Licensed under the Apache License, Version 2.0 (the "License");
you may not use this file except in compliance with the License.
You may obtain a copy of the License at
http://www.apache.org/licenses/LICENSE-2.0
Unless required by applicable law or agreed to in writing, software
distributed under the License is distributed on an "AS IS" BASIS,
WITHOUT WARRANTIES OR CONDITIONS OF ANY KIND, either express or implied.
See the License for the specific language governing permissions and
limitations under the License.
==============================================================================*/
#ifndef TENSORFLOW_DTENSOR_MLIR_SPMD_EXPANDER_H_
#define TENSORFLOW_DTENSOR_MLIR_SPMD_EXPANDER_H_
#include <memory>
#include <string>
#include "absl/container/flat_hash_map.h"
#include "absl/status/status.h"
#include "absl/types/optional.h"
#include "llvm/ADT/DenseMap.h"
#include "mlir/IR/Builders.h" // from @llvm-project
#include "mlir/IR/Operation.h" // from @llvm-project
#include "mlir/IR/UseDefLists.h" // from @llvm-project
#include "tensorflow/core/framework/registration/registration.h"
#include "tensorflow/core/platform/status.h"
#include "tensorflow/dtensor/cc/dstatus.h"
#include "tensorflow/dtensor/cc/tensor_layout.h"
#include "tensorflow/dtensor/mlir/spmd_expander_common.h"
namespace tensorflow {
namespace dtensor {
// Base class for handling SPMD expansion of a MLIR TF Operation.
class SPMDExpanderBase {
public:
virtual ~SPMDExpanderBase() = default;
// Converts `op` to a SPMD expanded form. SPMD expansion logic is
// a function of op type, op output's layout, and layout of op's
// inputs. Must return the `op` that is expanded as the final return value.
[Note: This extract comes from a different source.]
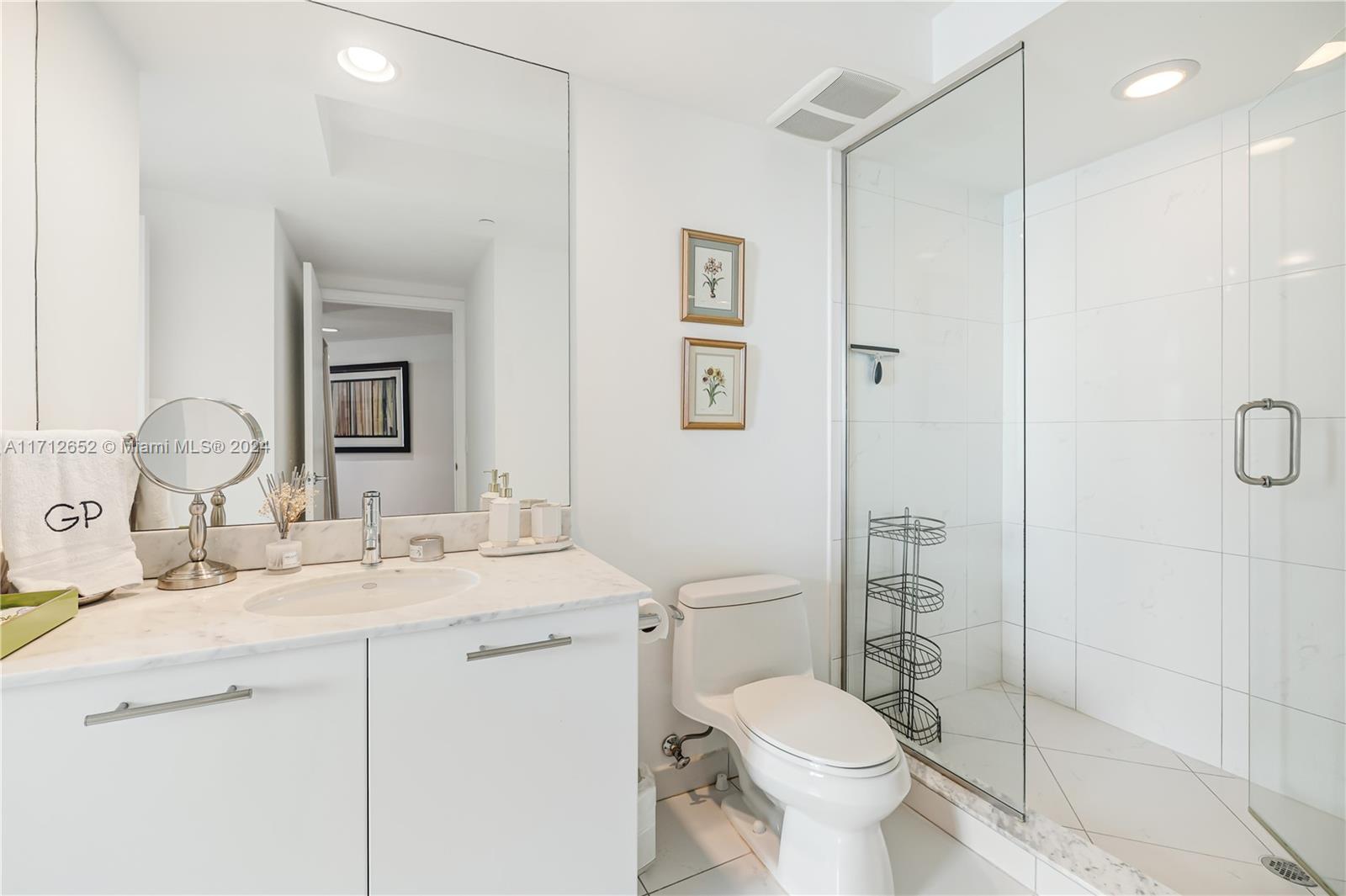 55 Southeast 6th Street, Unit 3407 Miami, FL 33131 - Photo 20 of 33 a bathroom with a granite countertop sink toilet and shower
virtual StatusOr<mlir::Operation*> ExpandOp(mlir::Operation* op) = 0;
// Layout propagation functions.
//
// During the layout algorithm, for each op output we compute a layout by
// merging the current layout request from the op producing the output and the
// layout requests from the ops consuming the output. These merged layouts
// represent the current state of layouts over the entire mlir module.
//
// For an op, if any of the merged layouts for the inputs or output are
// updated, the ComputeLayoutForward and ComputeLayoutBackward functions will
// be called with all the updated layout maps populated.
//
// ComputeLayoutForward should take the input layouts and determine which
// output layout these inputs would produce. Likewise, ComputeLayoutBackward
// should take the output layouts and determine the what layouts to propagate
// to the inputs.
//
// In both cases the functions should choose layouts that reduce the amount of
// cross device communication for the op.
//
// ComputeLayoutForward should not take into account the current output
// layout(s) when computing the new ones. The merge algorithm will decide what
// to do. There are only a very few cases where the current output layout may
// need to propagated again, in which case those ops can override the
// expanded ComputeLayout* functions. This similarly applies to
// ComputeLayoutBackward.
//
// Note that for some ops, where the input layout does not determine output
// layout (and visa versa), it is acceptable to either return a replicated
// layout. E.g. for tf.Fill, ComputeLayoutForward can return a replicated
// output layout and if a consumer requests a more sharded layout, then the
// layout algorithm will merge the requests, resulting in the more sharded
// layout.
// Computes output layout(s) of `op` based on the current `input_layouts`
// inferred from inputs of `op`. The `input_layouts` parameter maps input
// indices to the corresponding layouts. It may be empty if the op has no
// operands or if no input layouts have been inferred yet.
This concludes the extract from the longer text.